Step 2: Make Smarter Decisions by Recognizing Overconfidence Bias

Step 2: Make Smarter Decisions by Recognizing Overconfidence Bias

Have you ever been surprised when it took you much longer to complete a task than you expected or you overestimated your knowledge or ability in a situation? This happens to me all the time with any home maintenance task. I end up spending more time watching DIY YouTube videos trying to solve the problem than I actually do working on the task because I don’t have the knowledge to complete the task. Half the time, I come to the realization that I need to outsource the task if I want it done right.

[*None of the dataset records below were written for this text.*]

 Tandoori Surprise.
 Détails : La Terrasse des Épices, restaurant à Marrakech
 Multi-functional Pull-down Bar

In a business sense, I often surprise myself when I scope a client project and underestimate how long it will take my team to complete a task we’ve done many times before. How did this happen? What can I learn? Do I go back to the client and tell them the project is out of scope or do I just chalk it up to a leaning opportunity? I try to backtrack and figure out why there is such a discrepancy between the estimated and actual time. One of the reasons I underestimate the home improvement and client project tasks is called the overconfidence bias. I’m overly confident in my knowledge and ability to complete the home improvement and client tasks. This type of overconfidence is called the planning fallacy. The planning fallacy happens when we underestimate the length of time it will take to complete a task, often ignoring past experience. In business, we do this all the time and that is why we end up behind schedule and over budget.

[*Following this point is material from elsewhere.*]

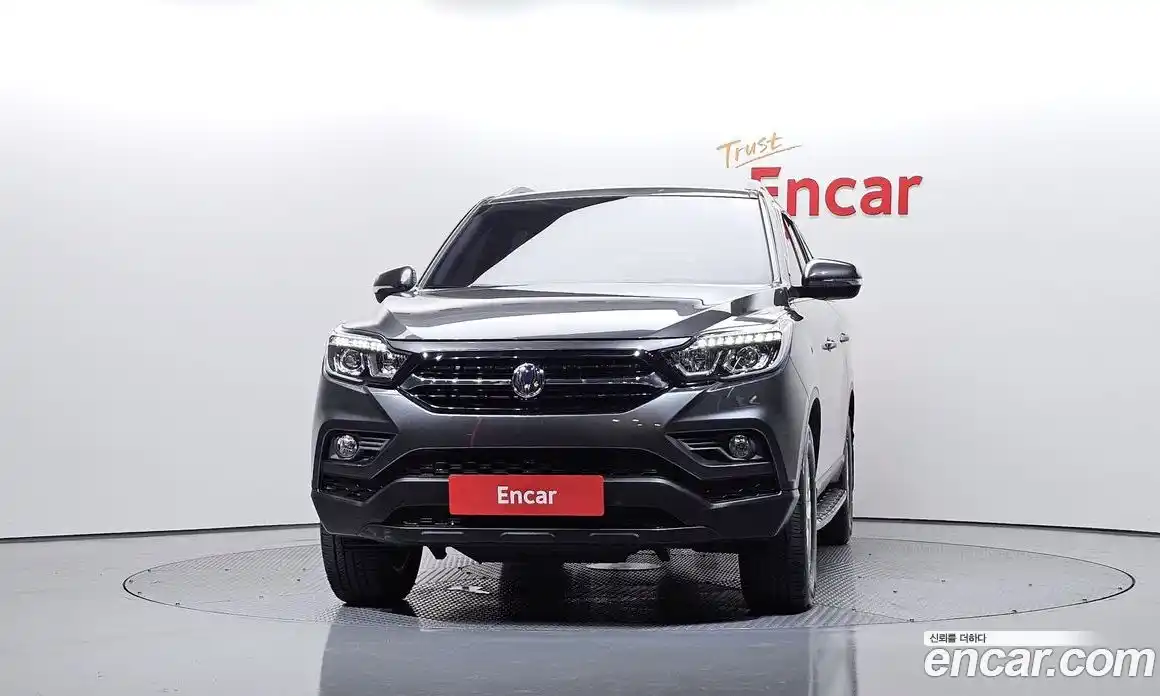 SsangYong Rexton 2018 2.2 автомат (гидро), фото 3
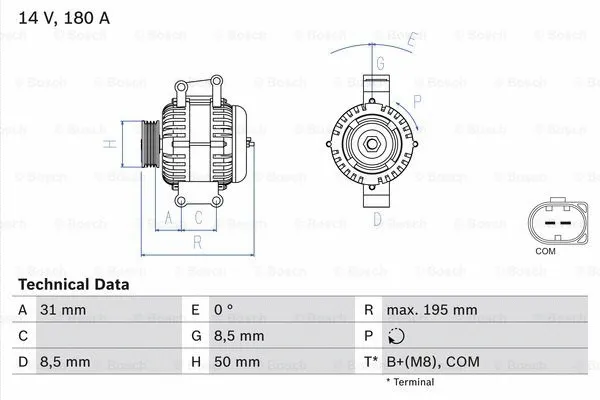 Alternator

We are often overconfident in our estimation because of an availability bias (or the recency effect). That is, we tend to place too much emphasis on the information and evidence most readily available when we’re making a decision. We depend on the most recent events because they are fresh in our minds, leading us to rely too strongly on them when estimating or thinking about what might happen in the future. Think about the gambler who is on a hot streak. He wants that streak to continue, so he ignores past losses and keeps playing. We focus on recent causes and tend to ignore the full range of experience, including previous failures. The gambler does not think about his grand total of losses over time. We too can become caught up in the hot streak of success and forget failures of the past.

Research shows that humans, by nature, tend to be overconfident in their ability to make judgments about their own performance and their performance as compared to others. The overconfidence effect applies to our forecasting ability. We systematically overestimate our knowledge and our ability to predict—on a massive scale. The overconfidence effect is the difference between what people really know and what they think they know. I tend to be overconfident in my abilities to complete a client task (e.g., draft a survey, create a measurement strategy, analyze data, generate a report, etc.) because it is something I have done many times and under various circumstances. Yes, even when I have tracked hours and use that past record as a baseline. Surprisingly, experts suffer even more from the overconfidence bias than laypeople do. In addition, the bias is stronger in men than women. I overcome the overconfidence effect by having my team review my scoping and time estimates. When the project is finished, I find my team is usually right that it took longer than I originally estimated!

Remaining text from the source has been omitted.